Phosphorylation of eIF2α suppresses cisplatin-induced p53 activation and apoptosis by attenuating oxidative stress via ATF4-mediated HO-1 expression in human renal proximal tubular cells

• Published in: International journal of molecular medicine Vol. 40; no. 6; pp. 1957 - 1964
• Main Authors: Ju, Sung-Min, Jo, Yong-Seok, Jeon, Yoo-Min, Pae, Hyun-Ock, Kang, Dae-Gill, Lee, Ho-Sub, Bae, Jun-Sang, Jeon, Byung-Hun
• Format: Journal Article
• Language: English
• Published: Greece D.A. Spandidos 01.12.2017; Spandidos Publications UK Ltd
• Subjects: activating transcription factor 4; Activating Transcription Factor 4 - genetics; Antibiotics; Antineoplastic Agents - toxicity; Antioxidants; Apoptosis; Apoptosis - drug effects; Cell Line, Tumor; Chemotherapy; cisplatin; Cisplatin - toxicity; eIF-2 Kinase - genetics; Endoplasmic Reticulum - drug effects; Endoplasmic Reticulum Stress - genetics; Eukaryotic Initiation Factor-2 - genetics; eukaryotic translation initiation factor 2α; Gene Expression Regulation - drug effects; heme oxygenase-1; Heme Oxygenase-1 - genetics; HK-2 cells; Humans; Kidney Tubules, Proximal - metabolism; Kidney Tubules, Proximal - pathology; Kidneys; Kinases; Neoplasms - drug therapy; Neoplasms - genetics; Neoplasms - pathology; nephrotoxicity; Oxidative stress; Oxidative Stress - drug effects; p53; Phosphorylation; reactive oxygen species; Reactive Oxygen Species - metabolism; Signal Transduction - drug effects; Studies; Tumor Suppressor Protein p53 - genetics
• ISSN: 1107-3756; 1791-244X
• DOI: 10.3892/ijmm.2017.3181

Cisplatin is one of the most widely used chemotherapeutic agents for the treatment of human cancers. However, the nephrotoxicity of cisplatin limits its use as a therapeutic agent. It has been suggested that oxidative stress and p53 activation play important roles in cisplatin-induced nephrotoxicity. It has been demonstrated that the eukaryotic translation initiation factor 2α (eIF2α) may protect HK-2 human renal proximal tubular cells against cisplatin-induced apoptosis through inhibition of reactive oxygen species (ROS)-mediated p53 activation. The aim of the present study was to investigate the effects of siRNA-mediated knockdown of the PKR-like endoplasmic reticulum kinase (PERK) gene, which induces the phosphorylation of eIF2α, or Sal003, a selective inhibitor of eIF2α dephosphorylation, on cisplatin-induced apoptosis in HK-2 cells. Cisplatin induced eIF2α phosphorylation as well as p53 activation.
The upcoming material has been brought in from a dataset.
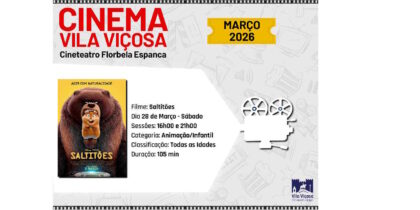Filme em Exibição SALTITÕES – 28 de Março 2026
In particular, inhibition of p53 by pifithrin-α, and upregulation of eIF2α phosphorylation by Sal003, reduced cisplatin-induced apoptosis. Of note, Sal003-mediated upregulation of eIF2α phosphorylation suppressed cisplatin-induced p53 activation. Furthermore, reduction of eIF2α phosphorylation by PERK knockdown enhanced cisplatin-induced p53 activation and apoptosis. In addition, the ROS scavenger N-acetyl-L-cysteine inhibited eIF2α phosphorylation as well as p53 activation in HK-2 cells treated with cisplatin, suggesting that oxidative stress induced by cisplatin may lead to apoptosis through p53 activation; furthermore, this stress may confer resistance to apoptosis via eIF2α phosphorylation, which was further supported by the finding that cisplatin-induced ROS generation was attenuated by Sal003, whereas it was enhanced by PERK knockdown. Furthermore, cisplatin induced the expression of activating transcription factor 4 (ATF4) and heme oxygenase-1 (HO-1) that were enhanced by Sal003 and reduced by PERK knockdown. Taken together, these results suggest that phosphorylation of eIF2α suppresses cisplatin-induced p53 activation and apoptosis by attenuating oxidative stress via ATF4-mediated HO-1 expression in HK-2 cells, as ATF4 expression is usually dependent on the phosphorylation of eIF2α and may also transcriptionally induce the expression of HO-1 in response to oxidative stress. Therefore, regulation of eIF2α phosphorylation may play an important role in alleviating cisplatin-induced nephrotoxicity.